§ WHAT IS REQUIRED:
Could you give the data that follows again exactly, without its pictures?

§ GIVEN DATA:
◆ ◆ ◆ ◆ ◆
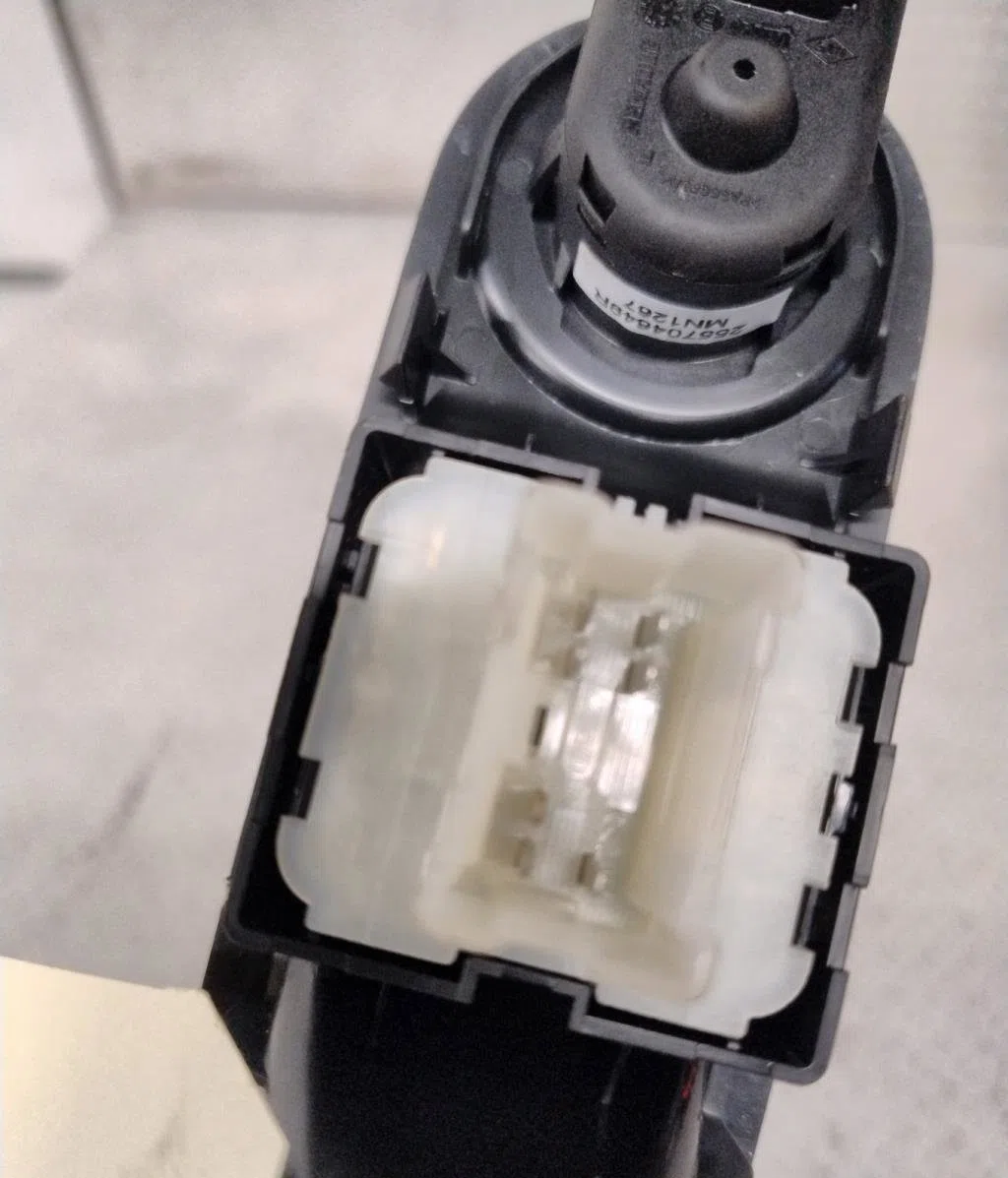 Commande lève-glace porte avant gauche Renault TWINGO III (BCM_, BCA_) Z.e: (bca1) (2020) occasion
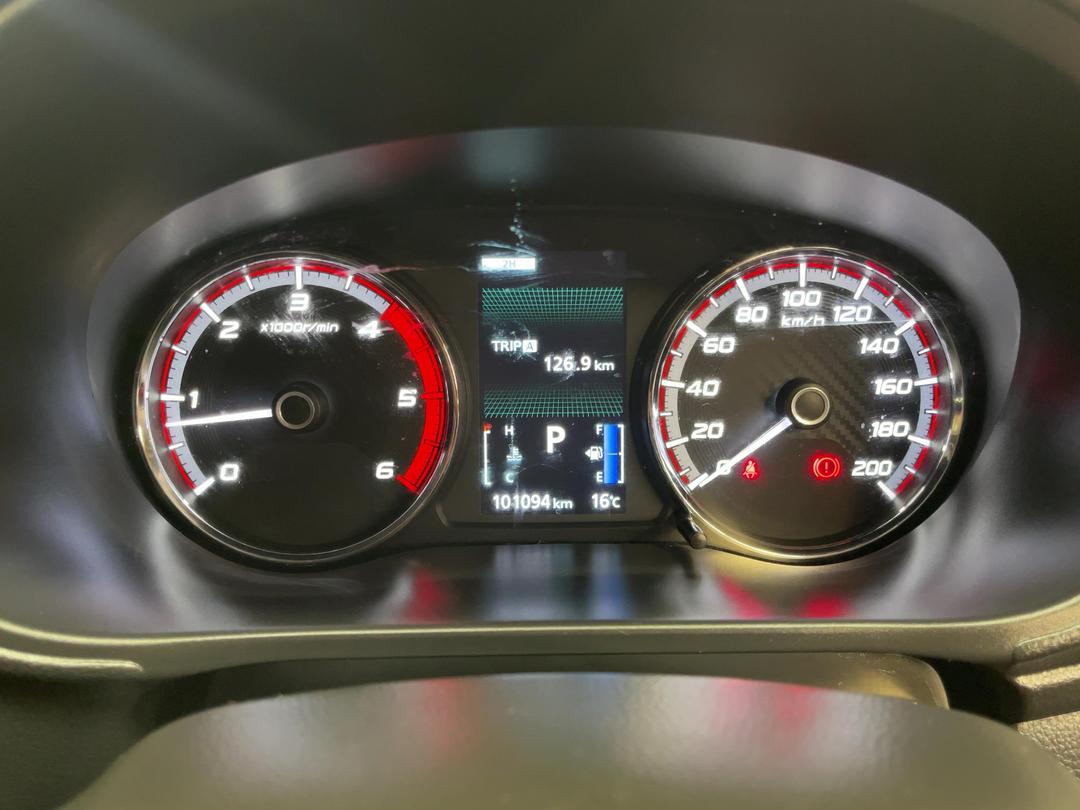 Photo '21' of Mitsubishi Triton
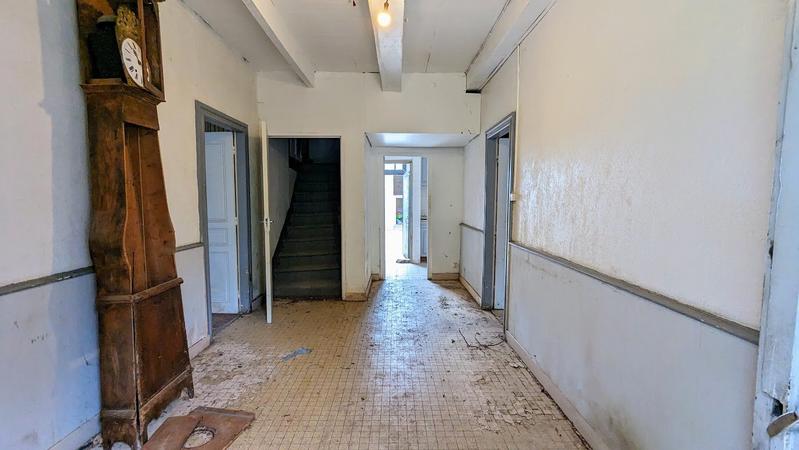 Maison - 244 m² - 8 pièces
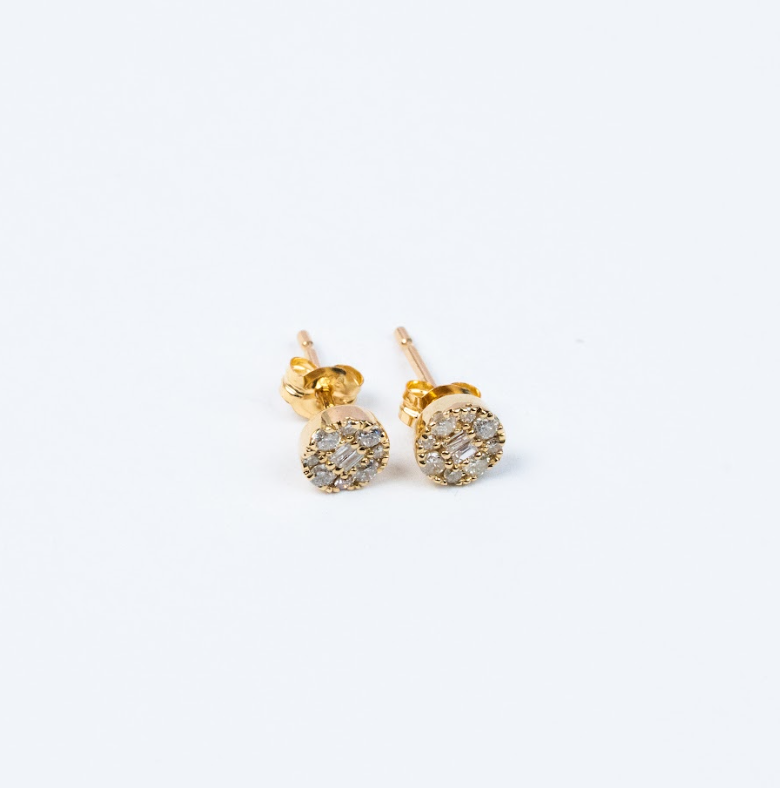 YG Classic Round Cluster Diamond Studs (DT_010)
◆ ◆ ◆ ◆ ◆
§ YOUR SOLUTION:
 Commande lève-glace porte avant gauche Renault TWINGO III (BCM_, BCA_) Z.e: (bca1) (2020) occasion
 Photo '21' of Mitsubishi Triton
 Maison - 244 m² - 8 pièces
 YG Classic Round Cluster Diamond Studs (DT_010)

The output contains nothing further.